What it will take, is a generation of champions who stepped up and taught themselves, who put in the time to read, practice, get feedback and learn. Call them early adopters, advocates, trail blazers or whatever suits but these are the ones who will change the way we teach and practise medicine to future generations.
Will it be you?
Learning bedside ultrasound – Timely and quality feedback
Good quality and timely feedback supercharges learning 10x but is difficult to find.
Find a supervisor who will watch over your shoulder while you scan and give you tips on improving and optimizing your image.
Learn how to save, store or print images. Show these to an expert later and get their feedback. Carry around a USB thumb drive for this purpose but remember to respect patient privacy.
Carry around a notebook and note the names of the patients you scan then check back later after they have had their formal ultrasound or echo study and compare your findings.
Learning bedside ultrasound – Time and practice
If you are medical student, this is easy as everyone assumes you are learning all the time and you don’t have all the answers. Take every opportunity to grab the machine and practice on patients, volunteers, your friends etc. Practice at lunchtime, before work, after work. I guarantee you, the portable machine will be available most of the time. Start with the easy stuff then, when you are comfortable with that, move on. Practice, practice, practice, day in, day out. It all adds up in the end.
If you are a qualified physician, it’s a tad more difficult. Patients might expect you to give them answers. Explain that you are still learning and adopt the attitude that although it might give you positive useful information, but it also might not. In the grand scheme of things, no opportunity to learn is ever wasted.
Learning bedside ultrasound – Good learning resources
Start by finding a hands-on course or organize an elective or fellowship. No one learns to drive a car by reading a book, listening to didactic lectures or watching YouTube videos. Getting your hands on the probe early with a trainer next to you on a real human subject will orientate you to probe handling and hand-eye-screen coordination. This will give you a basic grounding.

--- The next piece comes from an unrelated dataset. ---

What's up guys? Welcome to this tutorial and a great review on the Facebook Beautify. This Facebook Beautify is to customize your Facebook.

Next find a good book or online resource with videos starting with the basics and building up. Aim to practice regularly what you are learning from reading and watching the videos on real subjects.
Getting started – 3 ingredients
To succeed we need 3 Ingredients:
Time and practice
Good learning resources
Timely and quality feedback
Any two without the third will prolong the length of time it will take to achieve mastery
Why is learning ultrasound so hard?
First the bad news. It takes two years to train a new ultrasound technologist. The learning curve is long and shallow. The hand-eye-screen coordination takes a while to get used to. The machine controls have unfamiliar names and the terminology used to describe things is different.

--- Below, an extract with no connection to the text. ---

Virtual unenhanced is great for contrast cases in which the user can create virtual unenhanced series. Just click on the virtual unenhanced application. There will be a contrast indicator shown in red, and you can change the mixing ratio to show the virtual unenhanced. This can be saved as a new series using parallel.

And the good news? Given enough time and practice, good learning resources and timely quality feedback, pretty much anyone can learn to do it. The question is, are you willing to invest in your future, suffer now and gain the rewards later?

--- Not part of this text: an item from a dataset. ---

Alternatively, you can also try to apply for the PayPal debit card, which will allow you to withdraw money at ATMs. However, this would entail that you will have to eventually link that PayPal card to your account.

“The best time to plant a tree is twenty years ago. The second best time is now”
Ancient Chinese proverb
Why should I learn to do bedside ultrasound?
We live in exciting times. We know ultrasound imaging provides valuable clinical information. It was the case that the machines were large, expensive, and difficult to use. They were also kept in the radiology department under lock and key. But technology moves fast. Now the machines are small, portable, user-friendly and much less expensive which means ultrasound is available to anyone who is willing to take the time and learn how to use it. And if you can use it, it can help narrow down your differential diagnosis; it can help you manage the patient, not in the morning, not the next day, but now. Bedside or point of care ultrasound is joining forces with clinical history taking and examination. In the near future, as the technology shrinks further, we might see an ultrasound unit in the pocket of every clinician right along side their stethoscope.